PROVIDED DATA
Segment Open
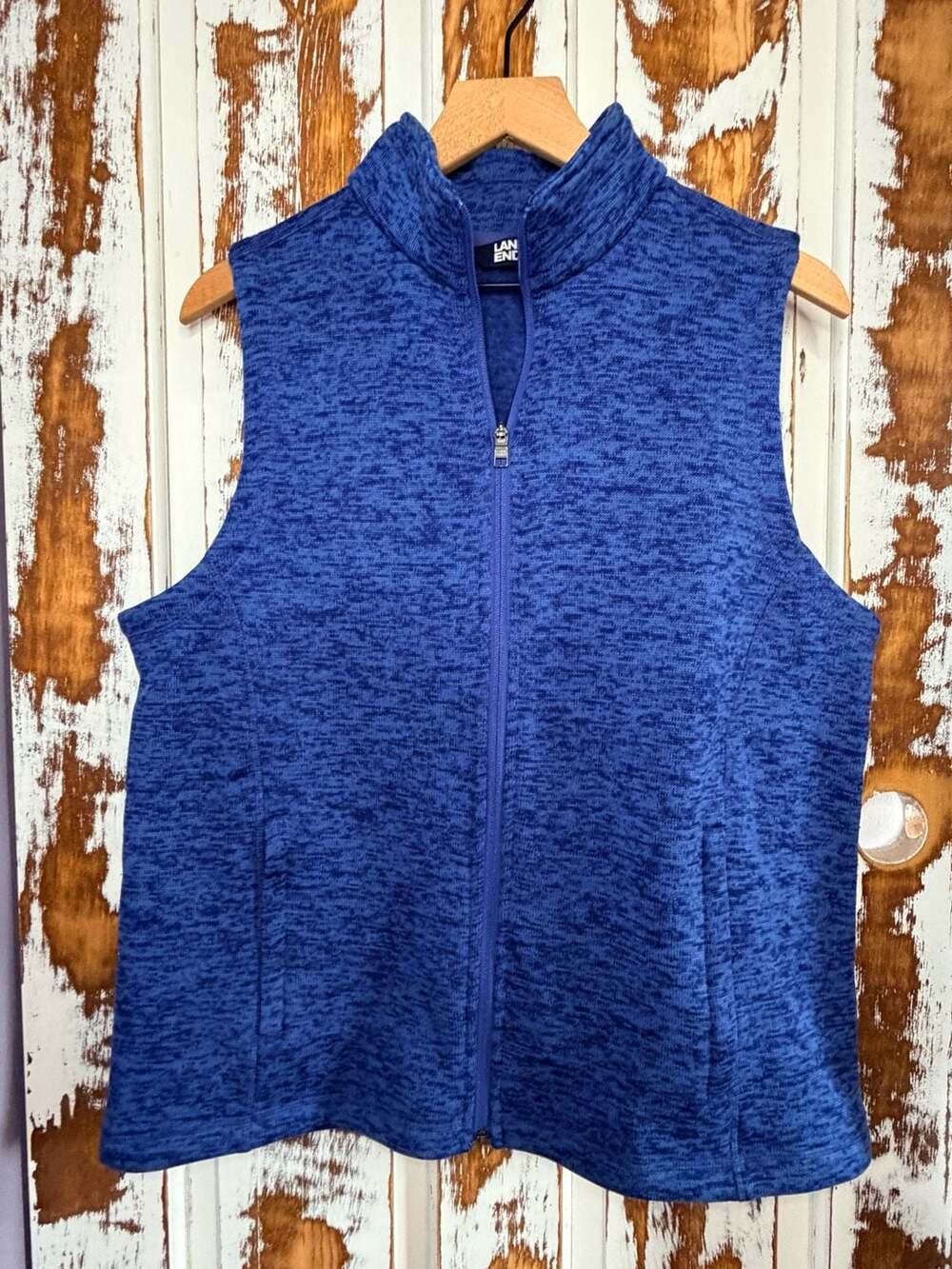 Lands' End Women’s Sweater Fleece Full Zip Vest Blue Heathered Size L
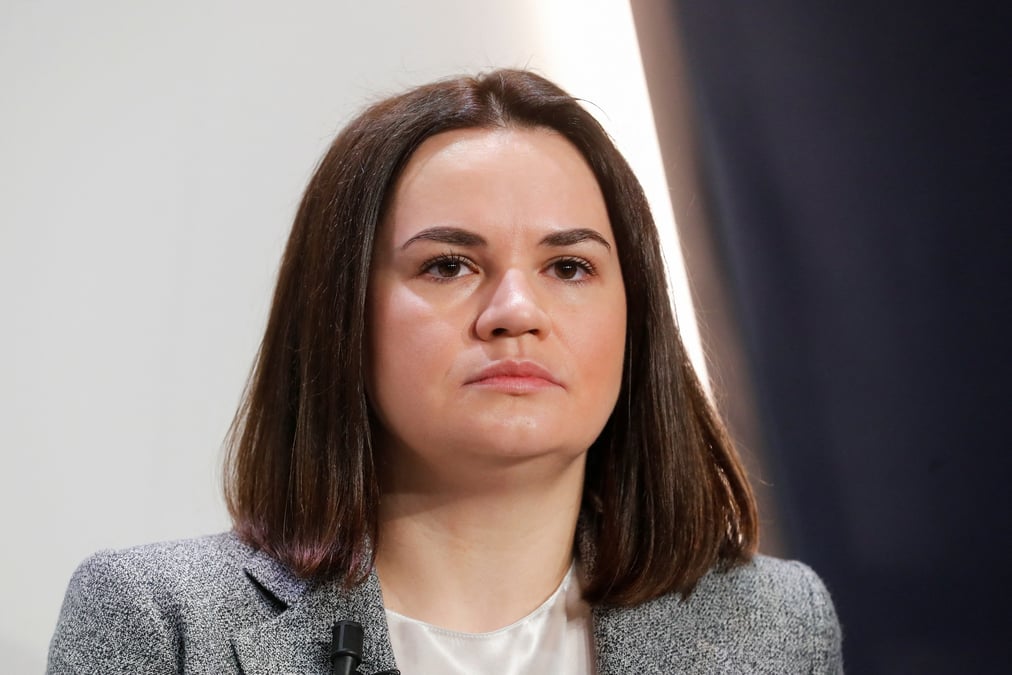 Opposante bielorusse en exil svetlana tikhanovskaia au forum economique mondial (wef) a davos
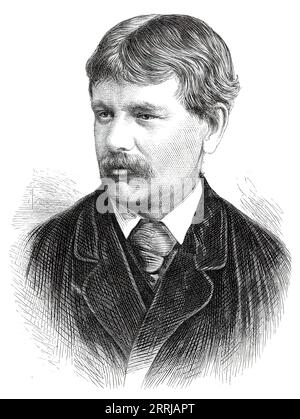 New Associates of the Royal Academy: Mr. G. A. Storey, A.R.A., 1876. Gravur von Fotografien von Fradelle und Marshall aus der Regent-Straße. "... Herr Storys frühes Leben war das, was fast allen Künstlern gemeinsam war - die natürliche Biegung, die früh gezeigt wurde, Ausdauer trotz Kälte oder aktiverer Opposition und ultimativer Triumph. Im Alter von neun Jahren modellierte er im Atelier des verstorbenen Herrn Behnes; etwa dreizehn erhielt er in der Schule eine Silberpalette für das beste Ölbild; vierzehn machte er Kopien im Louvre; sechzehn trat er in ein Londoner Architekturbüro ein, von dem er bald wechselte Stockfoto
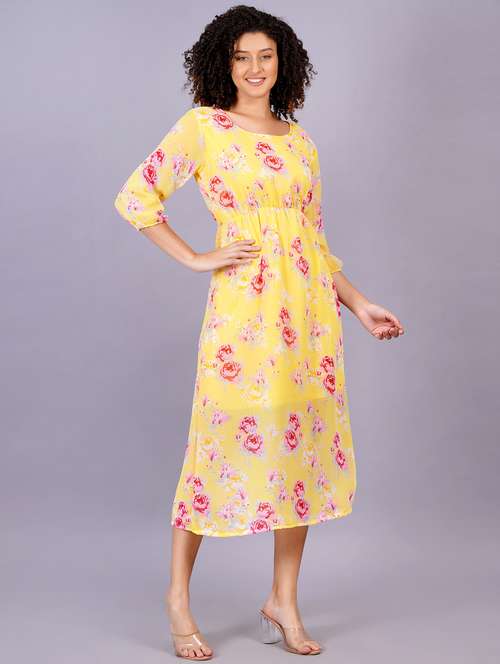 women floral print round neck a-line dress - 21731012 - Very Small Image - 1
Segment Closed
THE PROBLEM
Give back the material above exactly as it appears, minus any picture.

EXERCISE RESPONSE
 Lands' End Women’s Sweater Fleece Full Zip Vest Blue Heathered Size L
 Opposante bielorusse en exil svetlana tikhanovskaia au forum economique mondial (wef) a davos
 New Associates of the Royal Academy: Mr. G. A. Storey, A.R.A., 1876. Gravur von Fotografien von Fradelle und Marshall aus der Regent-Straße. "... Herr Storys frühes Leben war das, was fast allen Künstlern gemeinsam war - die natürliche Biegung, die früh gezeigt wurde, Ausdauer trotz Kälte oder aktiverer Opposition und ultimativer Triumph. Im Alter von neun Jahren modellierte er im Atelier des verstorbenen Herrn Behnes; etwa dreizehn erhielt er in der Schule eine Silberpalette für das beste Ölbild; vierzehn machte er Kopien im Louvre; sechzehn trat er in ein Londoner Architekturbüro ein, von dem er bald wechselte Stockfoto
 women floral print round neck a-line dress - 21731012 - Very Small Image - 1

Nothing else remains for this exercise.